Here’s how I look at it: when the mud starts slinging at me – and it has and will again – I need to know that you’re on my side. It’s not enough to say, “I support you.” If you’re truly my friend and ally you have to be willing to stand in the trenches with me and get mud slung on you as well. It is incredibly humbling to know that UUs around the country are standing on our side, for example, regarding House Bill 2. I know that UUs are quite literally standing in my corner. I have so many stories about this which is a whole sermon in itself. Never, ever underestimate the importance of standing with others who are being marginalized even when you’re not.

UUism sees the connection between our faith and our daily lives. We believe that everything is connected. We believe that where you worship on Sunday morning isn’t nearly as important as how you live your life.

Nowhere was this more evident than my position on the church board. After I completed my three year term as a board trustee, I took one year off, then was asked to come back as Vice President. This meant on taking quite a bit more responsibility so I let go of teaching RE and focused in on governance work. Now I know, this doesn’t sound very exciting. I have come to believe, however, that governance is foundational to who we are as UUs. A bit of reading about our history tells you that our govenance defines who we are as a denomination.

I began to move from someone who was filling a leadership role to someone who began to view everything through the lens of UUism and what is best for UUCG. I became more and more aware of having and practicing having a non-anxious presence while also knowing that that doesn’t mean being passive. I learned that my particular skills set fit exactly what was needed at UUCG at the time.

By the end of my second year as Vice President, I was feeling the call to ministry. At the same time I got a literal ask to be board president (at my church President doesn’t automatically follow being VP). My wife Michelle and I weighed both options. We thought long and hard about our lives at the time, thought about the church, and decided the best thing to do was to wait while serving as board president for two years.

That decision was absolutely the right one. There are certain lessons that can only be learned while getting your feet held to the fire. I cannot begin to summarize being board president in a couple of sentences, I’m sure it is something I will continue to learn from for years to come.

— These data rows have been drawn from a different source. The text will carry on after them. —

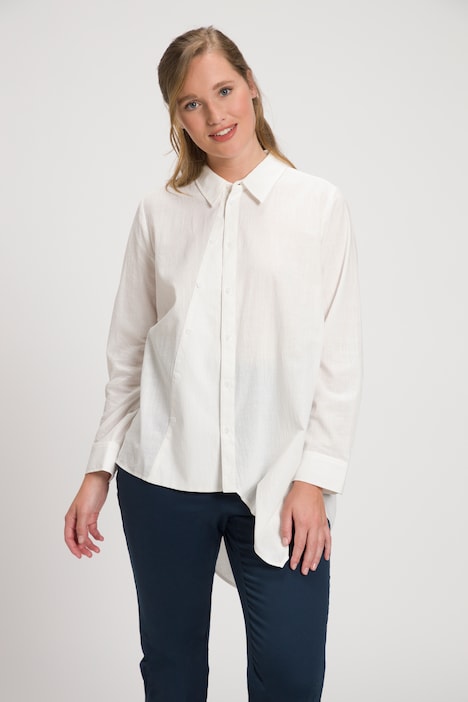 Bluse, A-Linie, Hemdkragen, Langarm, Biobaumwolle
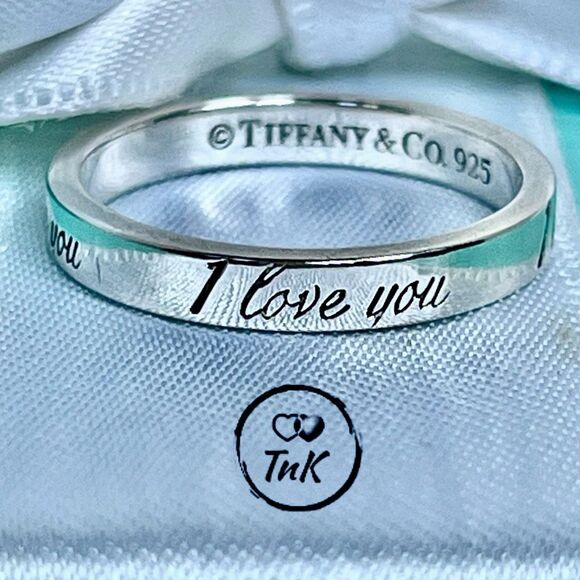 Tiffany & Co. Retired Notes "I Love You" Ring - Sterling Silver - Size 5.5 - Picture 2 of 16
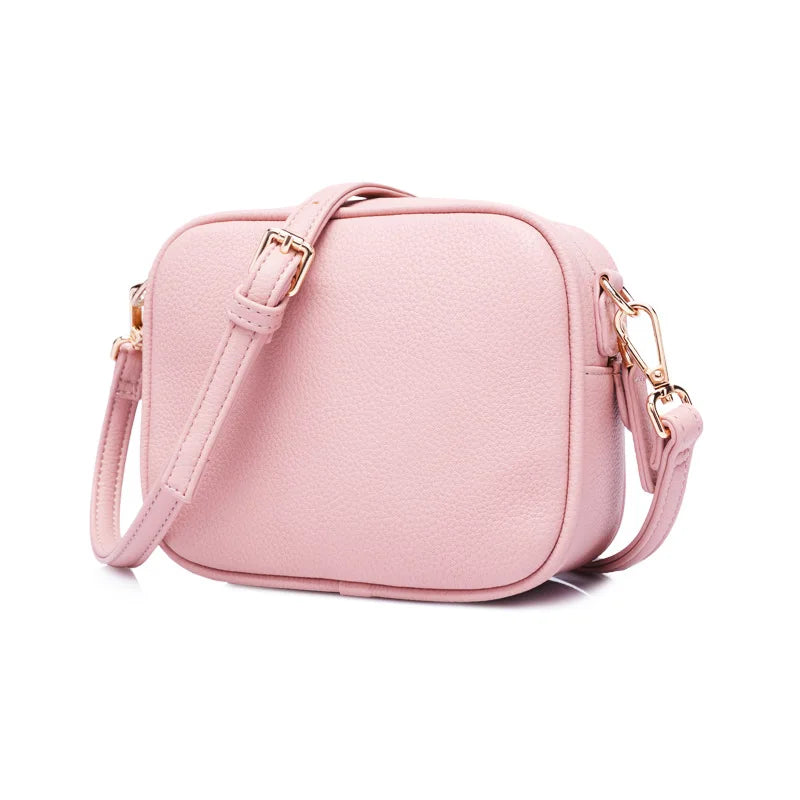 Mini Litchi Grain Flap Shoulder Bag for Women Small Square Bag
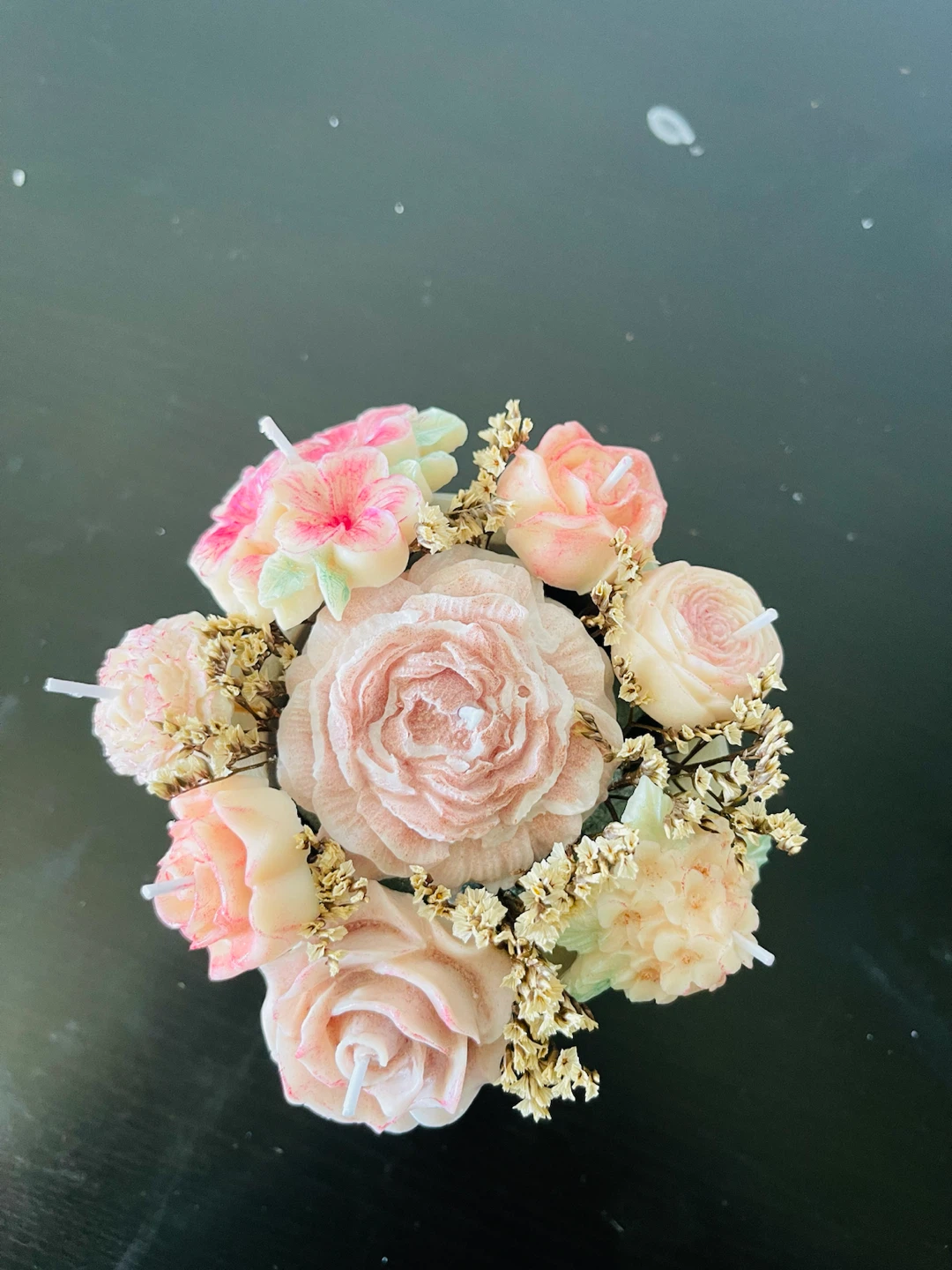 Floral Scented Candle in Geometric Pot - photo 2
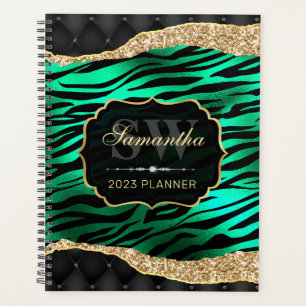 Agenda Rayas de tigre de papel aluminio verde elegante y 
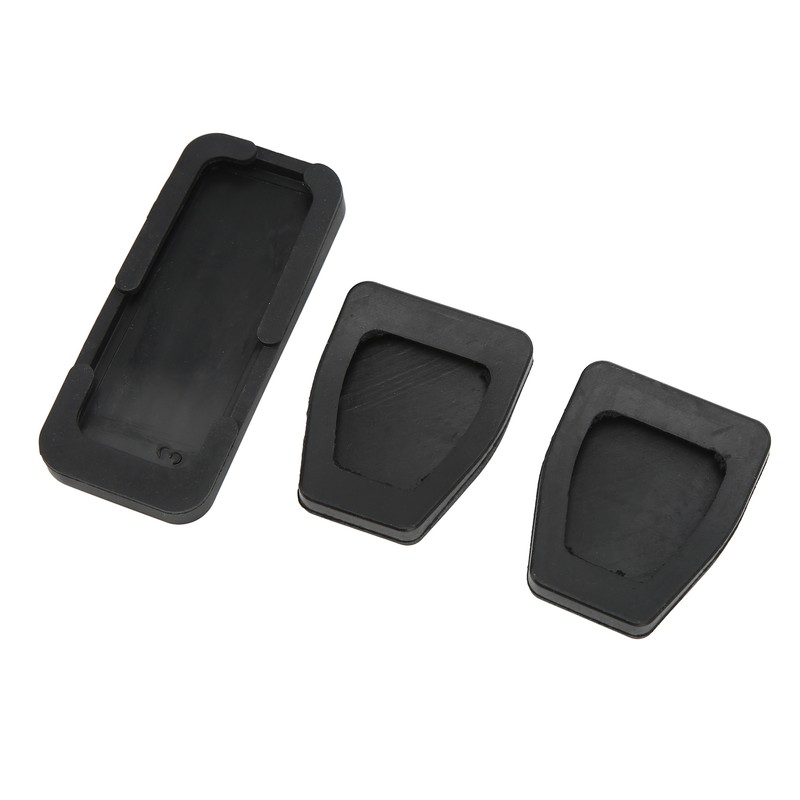 3pcs Clutch Brake Accelerator Pedal Pad Kit Rubber Black Flexible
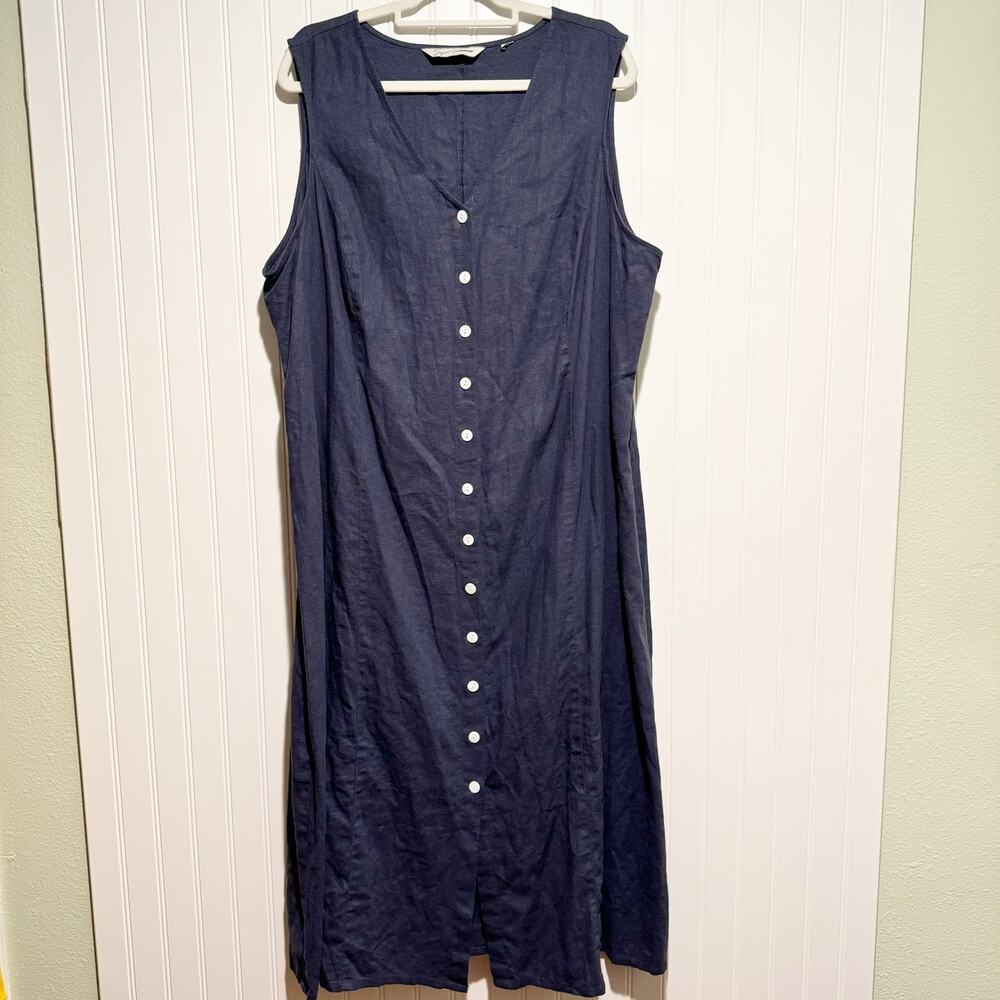 Soft by Avenue Blue Linen Sleeveless Dress Button Front Midi Length Plus Size 22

What I can say is that my experience as president has informed the specific type of ministry I want to do: interim and developmental. My church has experienced several transitions within the last five years. I have come to understand that my skill set andd personal qualities are suited to this type of ministry at this time in my life. Truly, all my life I have felt called to ministry but never knew what that would look like. Experiencing transitional ministry myself helped me see myself in UU ministry in a way I would never have otherwise.

Leadership is service. That is really and truly what it is. Leadership is service. My mantra is, “It’s not about me.” When something is going on and I’m having a response, I ask myself, “am I making this about me? What is going on for me in this situation?” I am absolutely certain that leadership is spiritual practice you cannot get anywhere else.

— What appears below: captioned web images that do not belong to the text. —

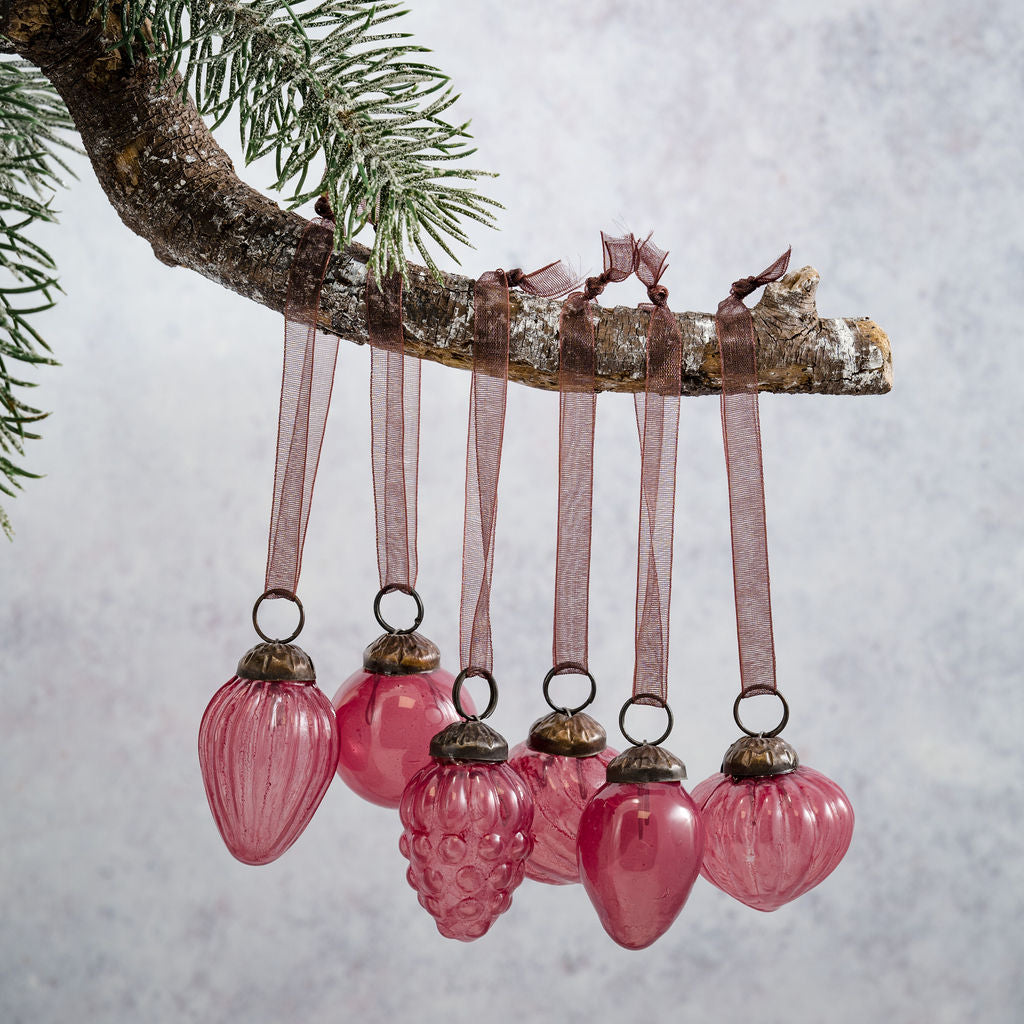 Set of 6 Glass Baubles | Mauve | Small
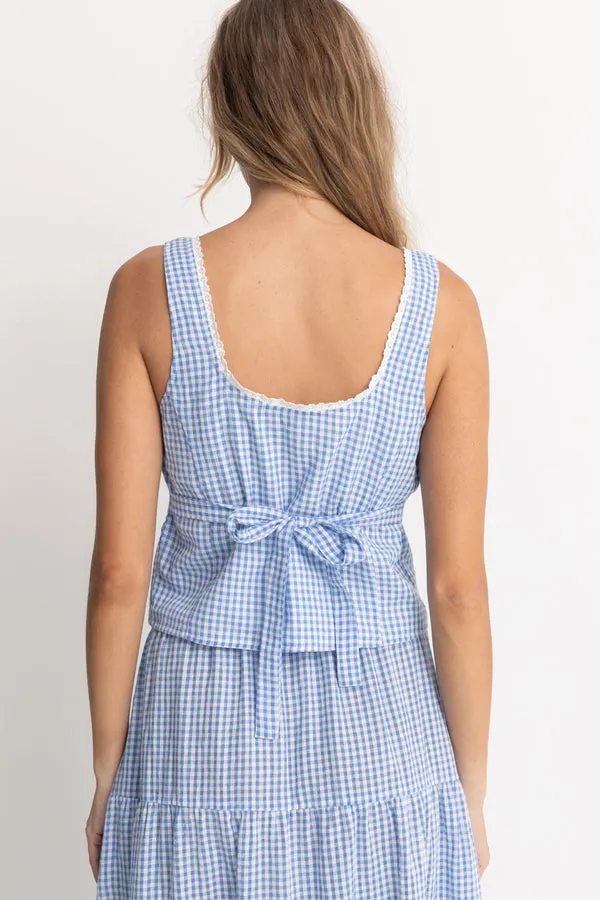 Rhythm Lola Check Top - BLUE sold by Sun Diego Boardshops product image thumbnail 3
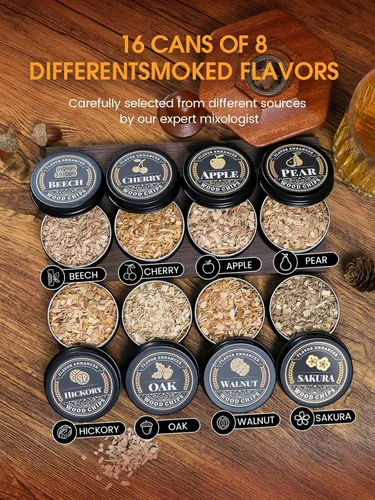 Miniatura 3 de Kit de ahumado para whisky de 27 piezas - 16 astillas de madera, moldes para bolas de hielo, kit de infusor para ahumado de cócteles, kit de ahumado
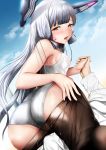  1girl ass bangs bare_shoulders black_legwear blue_sky blunt_bangs blush breasts cloud commentary_request covered_nipples day eyebrows_visible_through_hair fine_fabric_emphasis hair_ribbon half-closed_eyes headgear holding_hands kantai_collection long_hair looking_at_viewer looking_back medium_breasts miyuki_yaya murakumo_(kantai_collection) one-piece_swimsuit open_mouth orange_eyes outdoors pantyhose pantyhose_pull red_ribbon remodel_(kantai_collection) ribbon school_swimsuit sidelocks silver_hair skindentation sky swimsuit thighband_pantyhose thighs tress_ribbon twisted_torso very_long_hair wet white_school_swimsuit white_swimsuit 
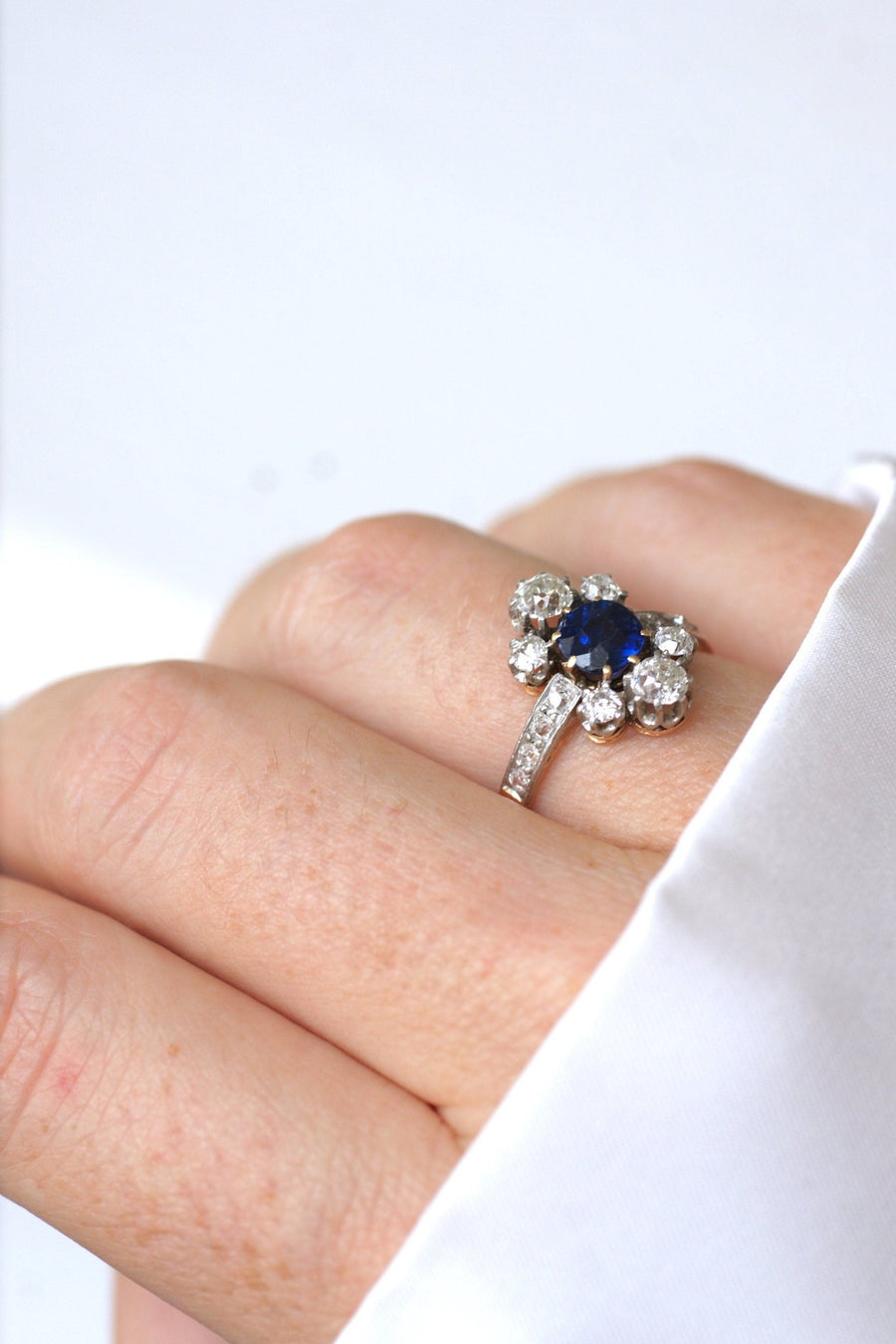 Engagement ring, Belle Epoque, diamonds and sapphire - Penelope Gallery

And so, my friends, Michelle and I began the stepping off into the unknown last fall when I visited Union Theological Seminary. It continued when I applied, was accepted, we informed people in our lives, and we put our house on the market – and it sold in two days while we had no idea where we would be living next. All of the pieces are falling in place for us to turn our car north on August 25. It feels humbling to feel all of the pieces of my life coming together in this one direction. This combination of knowing – and not knowing – at the same time is both exhilarating and terrifying.

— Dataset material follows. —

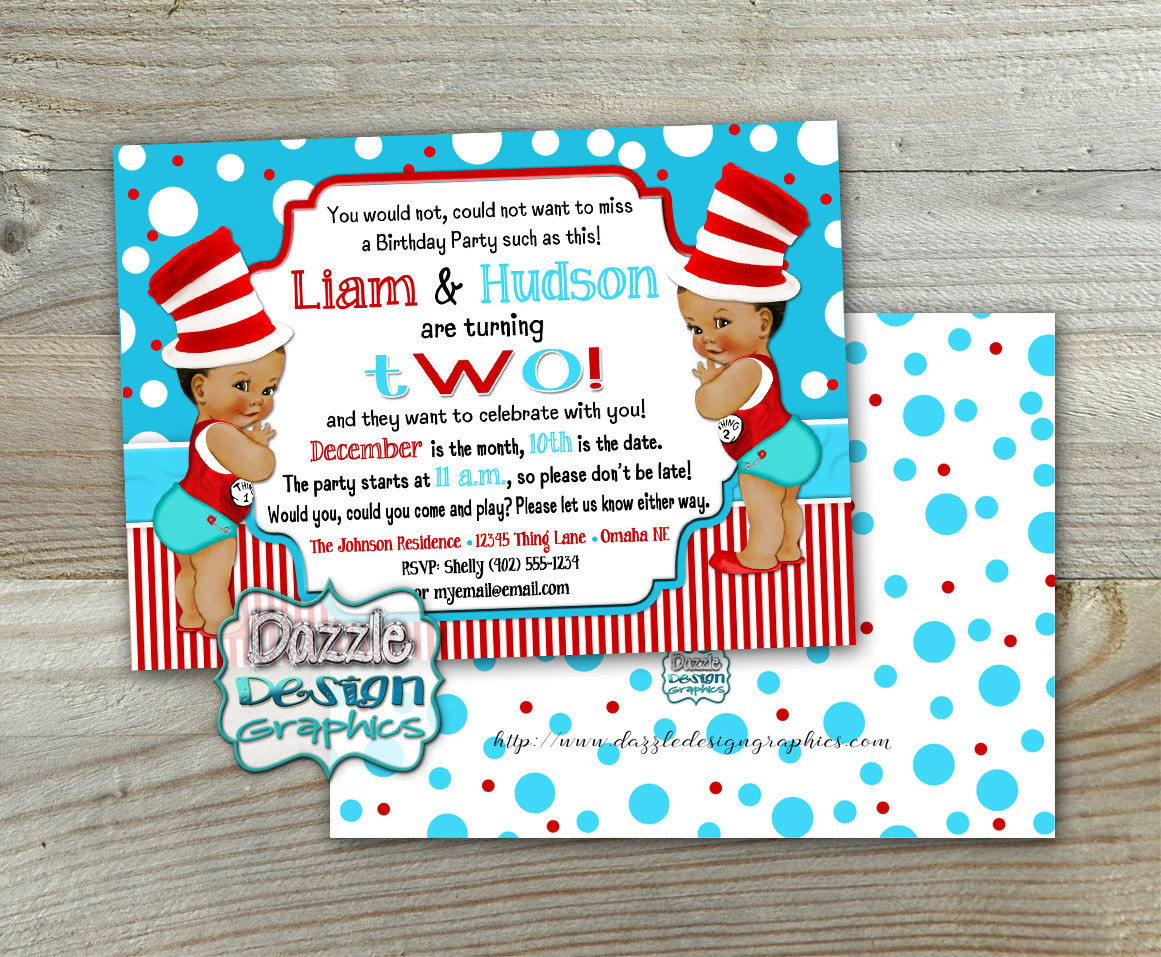 Thing 1 And Thing 2 Birthday Invitations
 Twin Thing 1 and Thing 2 birthday invitation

Friends, yes, I am called to ministry, but so are you. All of you. I have come to see our daily interactions with clerks, other drivers, and just ordinary events to be ministry. Not all of us will go to seminary and put our houses on the market, but we can all serve, wherever we are. That. Is. Ministry. I encourage you to think of the places in your life that are calling to you and I ask you to be willing to stand in the not knowing, willing to move forward with courage.